= Ezhava Memorial Petition =

1896 petition in India

The Ezhava Memorial or the Ezhava Memorial Petition was a great petition signed by 13,176 Ezhavas and submitted to the King of Travancore on 3 September 1896 under the leadership of Padmanabhan Palpu.

==Background==
A petition named Malayali Memorial was already submitted to the King of Travancore under the leadership of GP Pillai on 1 January 1891, for the natives to get a fair share in the government service. At that time Avarnas like Ezhavas were not appointed in Travancore posts with a monthly salary of more than 5 rupees. When those who converted to Christianity got all the benefits, Ezhavas did not get any benefits. The same was the case for school admission. Through the Ezhava Memorial, the Ezhavas demanded that they too get these without changing their religion.
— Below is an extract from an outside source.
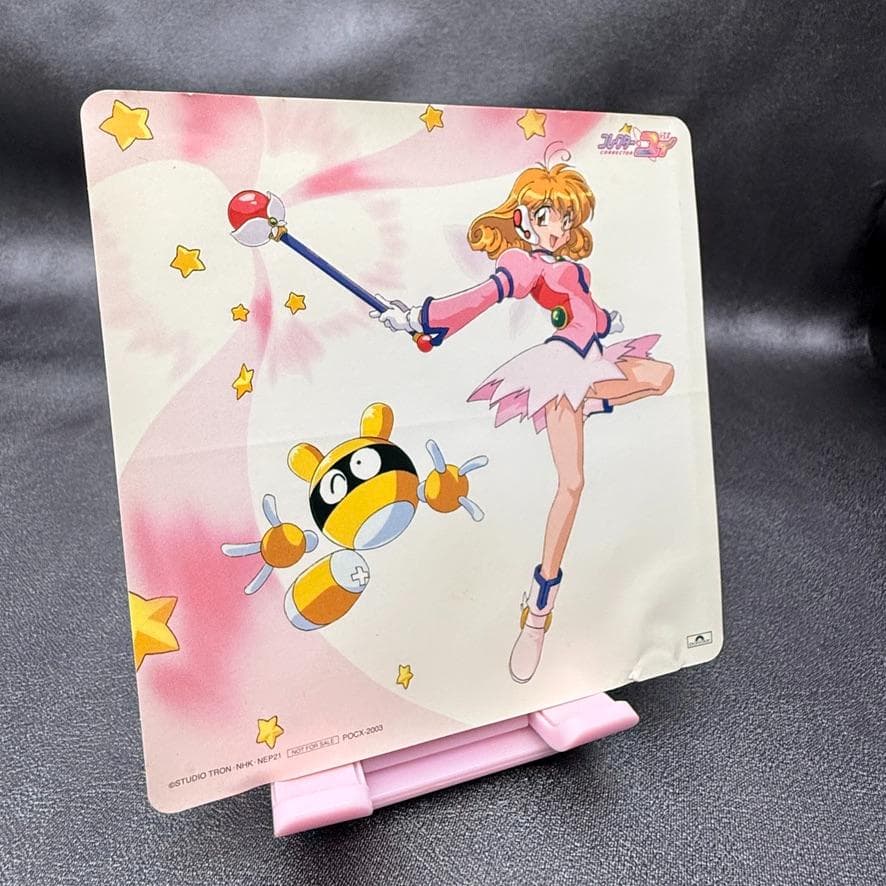 コレクター・ユイ オリジナル・サウンドトラック 全3枚 川井憲次 CD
GP Pillai had drawn the attention of the House of Commons and Congress meetings in England about the disadvantages of the Ezhavas, but to no avail. Having obtained an LMS degree, Dr. Palpu applied for a job under the Travancore government, but the application was rejected.
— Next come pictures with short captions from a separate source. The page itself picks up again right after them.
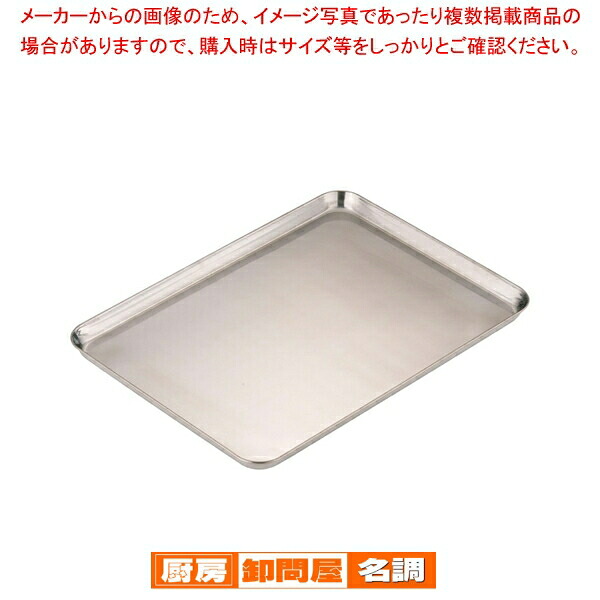 【まとめ買い10個セット品】 18-0ケーキバット 17インチ 【 ケーキバット 調理バット 】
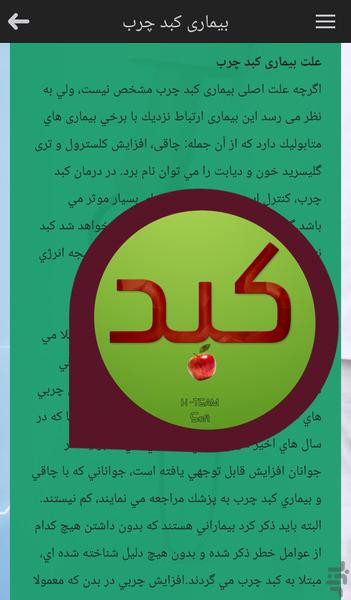 پزشک کبد - عکس برنامه موبایلی اندروید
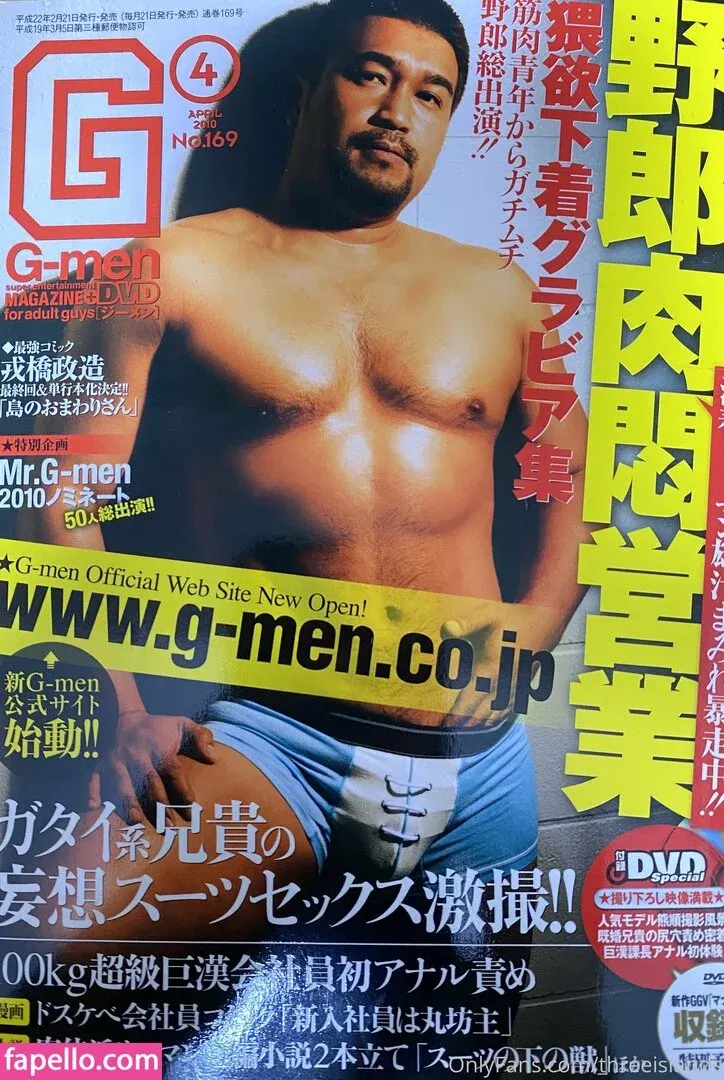 threeislands Onlyfans Photo Gallery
Not amused by the presentation of the Malayali memorial, the Tamil Brahmin group soon submitted a counter-memorial to the King, refuting all its arguments. In effect, this created an atmosphere of competition between communities. In May 1895 Dr Palpu himself submitted a petition to Diwan Shankarasubbayar in his own capacity. When the discussion with the Diwan did not yield any results, under his leadership, in September 1896, a petition signed by 13176 members of the Ezhava community was submitted to the King, which came to be known as the Ezhava Memorial.